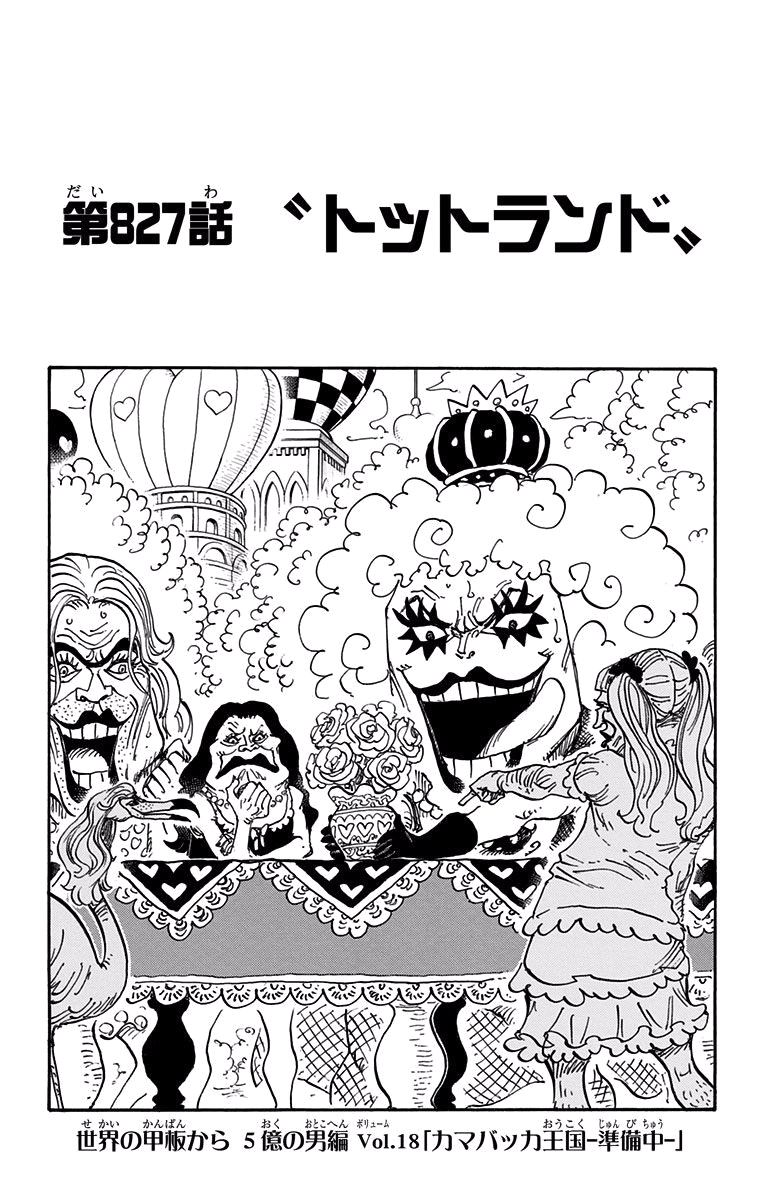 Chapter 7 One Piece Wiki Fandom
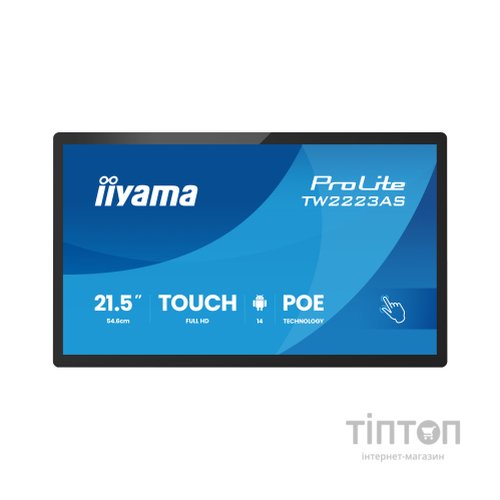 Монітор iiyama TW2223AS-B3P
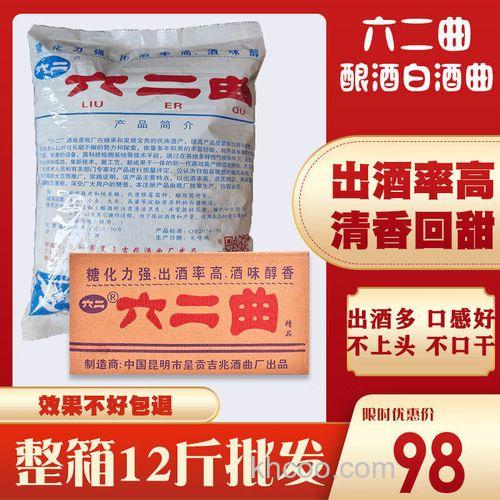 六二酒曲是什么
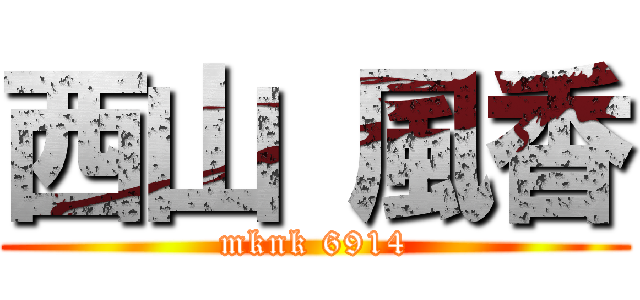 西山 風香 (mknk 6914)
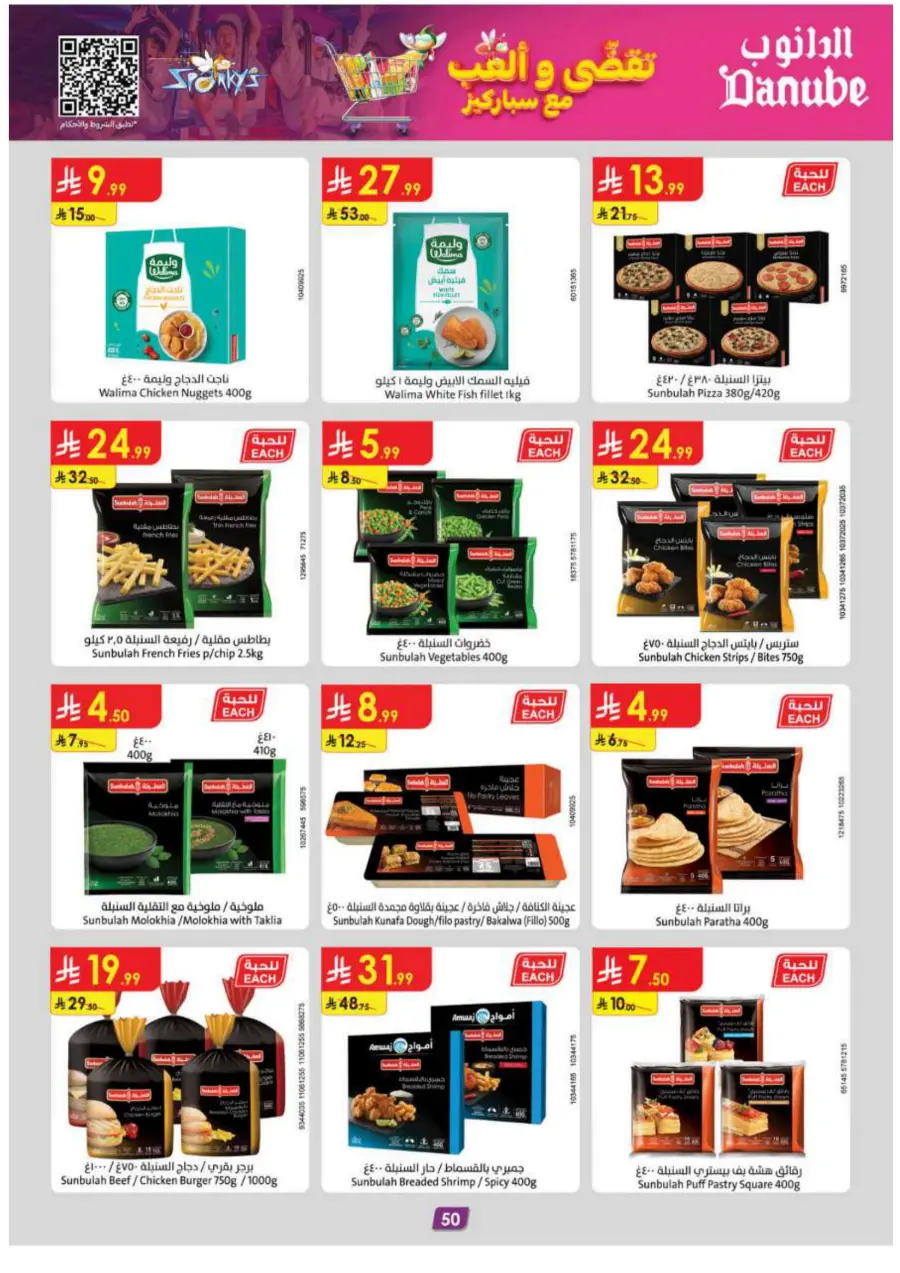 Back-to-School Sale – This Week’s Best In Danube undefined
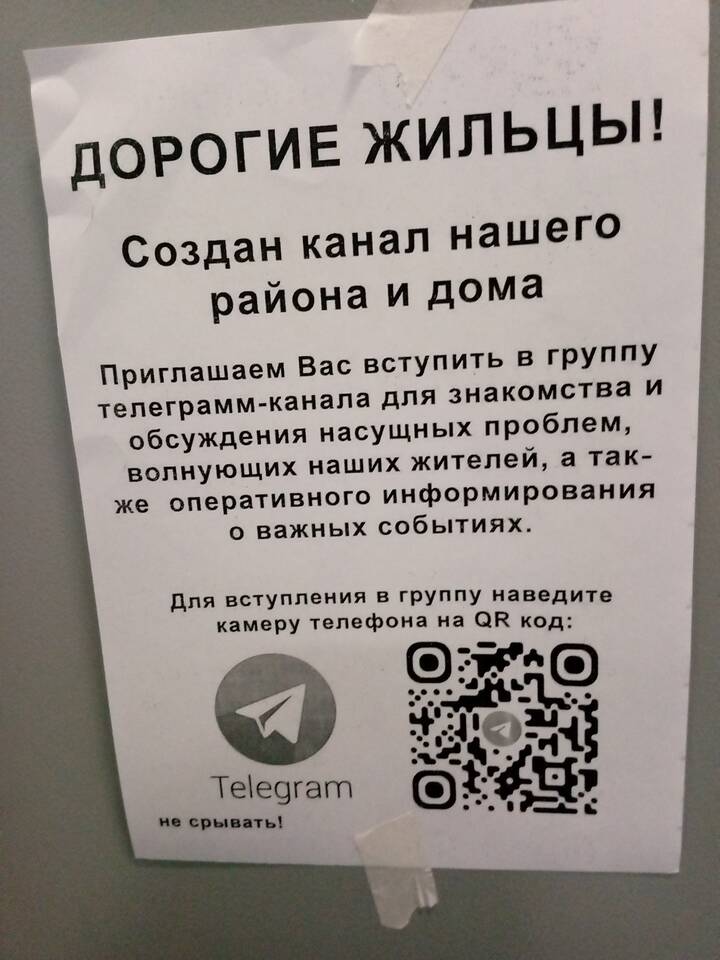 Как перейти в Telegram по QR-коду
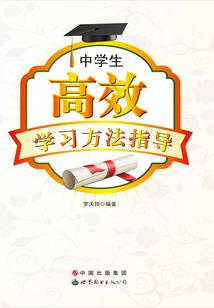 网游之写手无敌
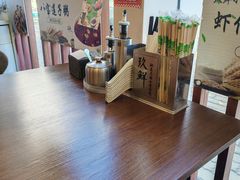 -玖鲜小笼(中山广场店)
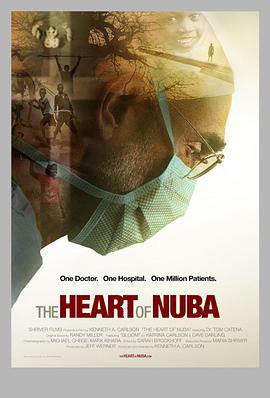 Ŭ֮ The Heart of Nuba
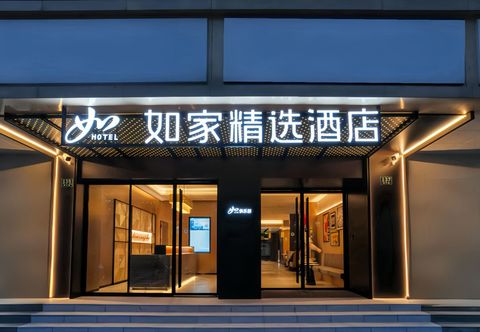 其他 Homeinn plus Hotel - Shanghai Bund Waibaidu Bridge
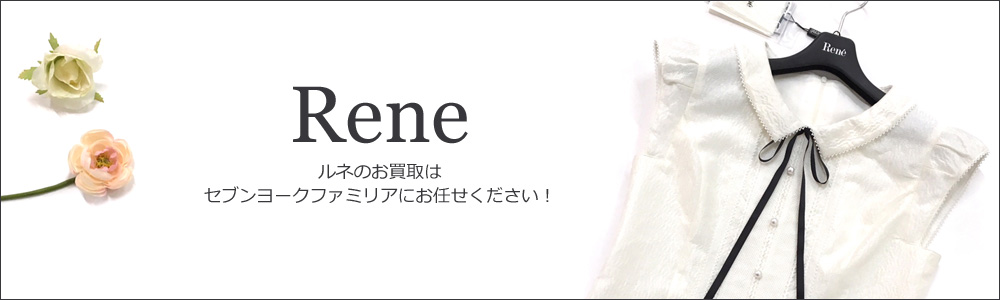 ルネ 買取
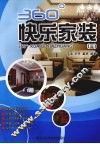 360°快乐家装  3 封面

**What to produce:** With the pictures omitted, copy exactly the lines from the line that contains "Монітор iiyama TW2223AS-B3P" through the end of the material.

**Exercise result:**
 Монітор iiyama TW2223AS-B3P
 六二酒曲是什么
 西山 風香 (mknk 6914)
 Back-to-School Sale – This Week’s Best In Danube undefined
 Как перейти в Telegram по QR-коду
 网游之写手无敌
 -玖鲜小笼(中山广场店)
 Ŭ֮ The Heart of Nuba
 其他 Homeinn plus Hotel - Shanghai Bund Waibaidu Bridge
 ルネ 買取
 360°快乐家装  3 封面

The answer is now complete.